Presenting Our Perspective on Philly Youth News (POPPYN) is presented by The University Community Collaborative at Temple University. It is run by high school and college students who seek to create a counter-narrative to mainstream news media by telling the stories of positive things youth are doing in the city of Philadelphia.
"The Inside Look" features accomplished African American elders working as artists in Philadelphia. Through a series of short video portraits, their histories, philosophies, and practices are shared with young artists. There is much to learn through their experience, perspectives, and insights. This piece is intended to highlight the role of art as a healing modality in the face of issues such as mental illness and trauma.
TTYL… Or Not! aims to shift the way people see, hear and experience G-d/ The Divine and/or Spirit. During the season of Covid-19 where folks look to process feelings and emotions around the big question, the series asks “where is G-d in all of this?” and will share stories of individuals whose spiritual practices have sustained them throughout life’s journey and how it has hindered, helped and heal.

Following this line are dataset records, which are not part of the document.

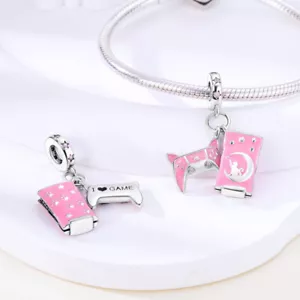 I Love Game Gaming Pink Console Computer Controller Charm Sterling Silver 925 - Picture 1 of 6
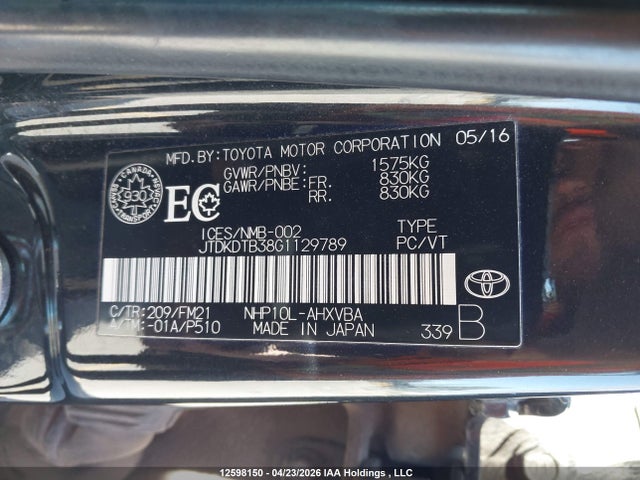 JTDKDTB38G1129789 Toyota Prius C Technology
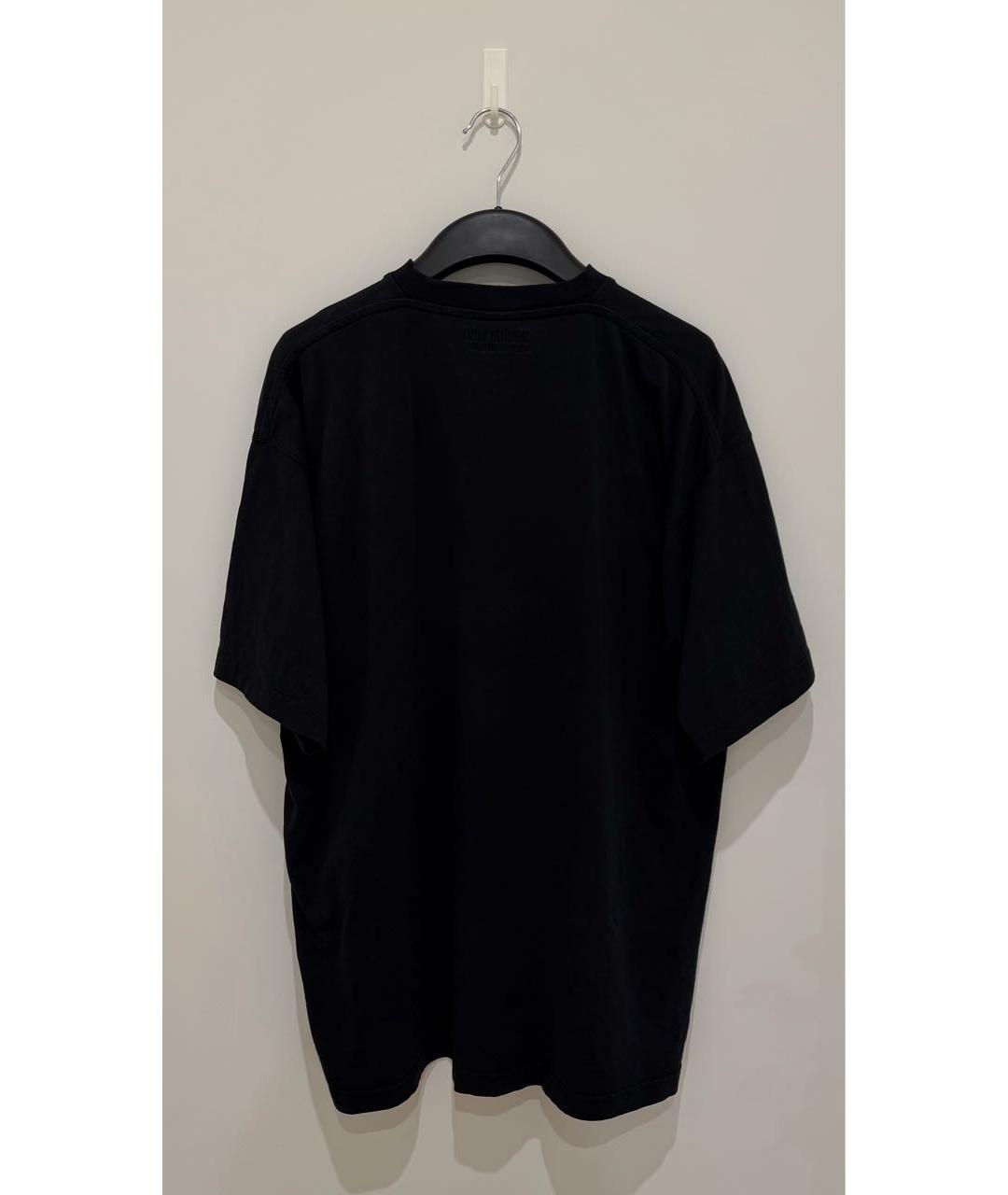 VETEMENTS Черная хлопковая футболка, фото 4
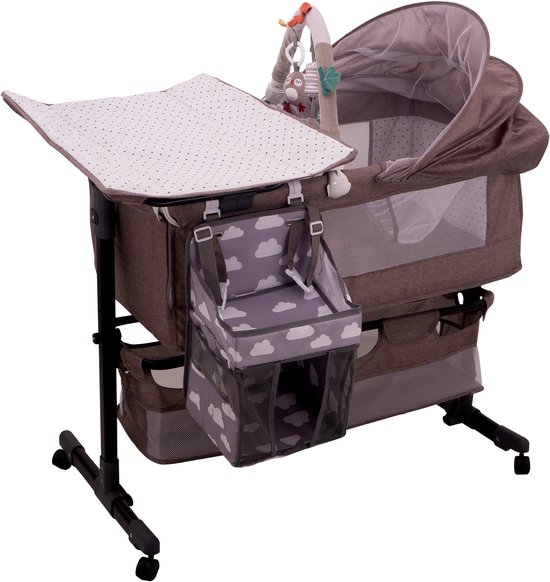 Sorinos Co-Sleeper - 4-in-1 babybed - Aankleedtafel peuter - speelboog - luiertas - verstelbaar - beige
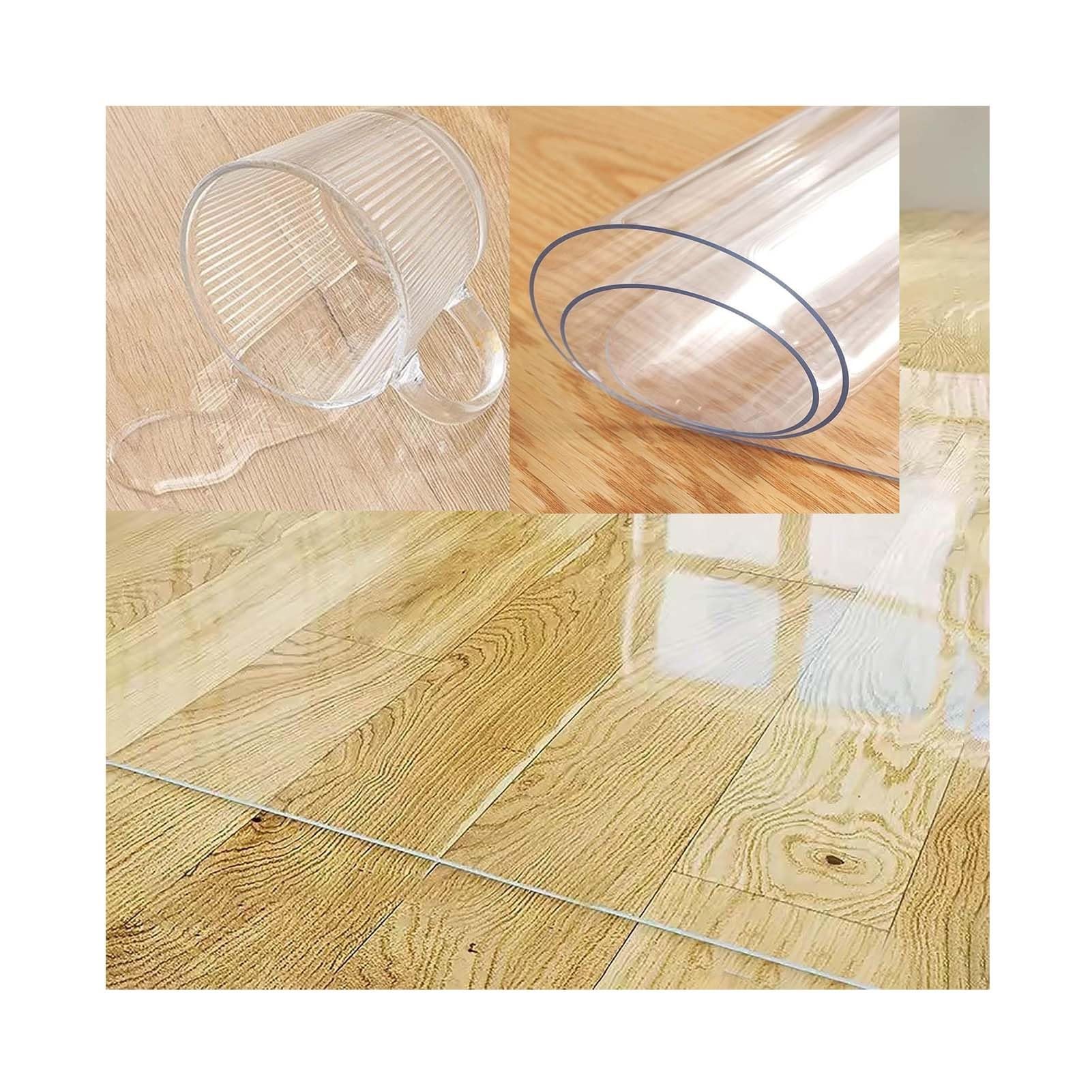 Tapis de protection de sol imperméable en PVC transparent personnalisable - Rectangulaire - 100 x 400 cm - Facile à nettoyer - Idéal pour les chaises de bureau et la protection des poils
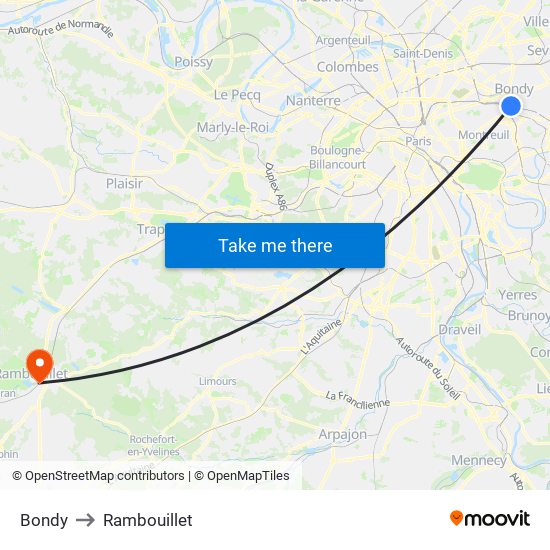 Bondy to Rambouillet map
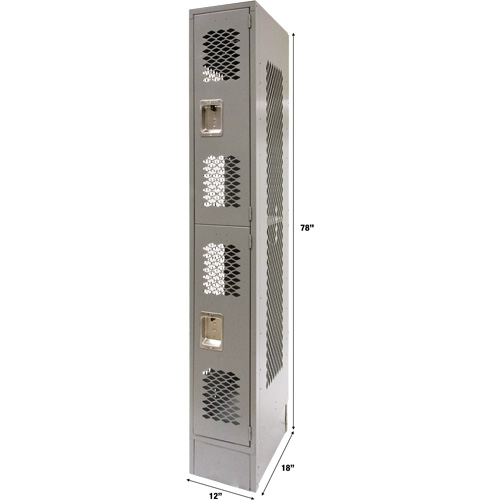 Vented Lockers, 2 -tier, 12" x 18" x 78", Steel, Grey, Knocked Down, Perforated Kelford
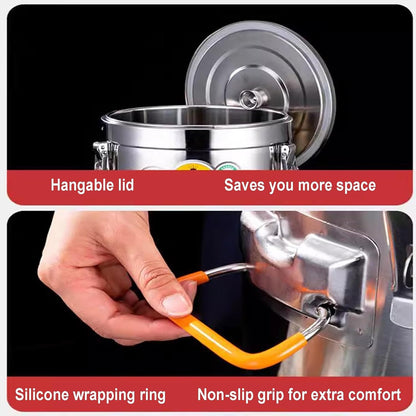 30L SS Insulated Ice Bucket (Color: Silver)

On and offstage, performance artist Khalil Abdul Malik Raheem Munir examines his bittersweet South Philadelphia upbringing and considers the names and legacies he’s inherited from previous generations of Black men. Embracing a new life as father and husband, he feels compelled to make sense of the divergent paths blazed by the men in his family—from Jim Crow South to South Philadelphia business empire, incarceration to Islam, and streets to spotlight.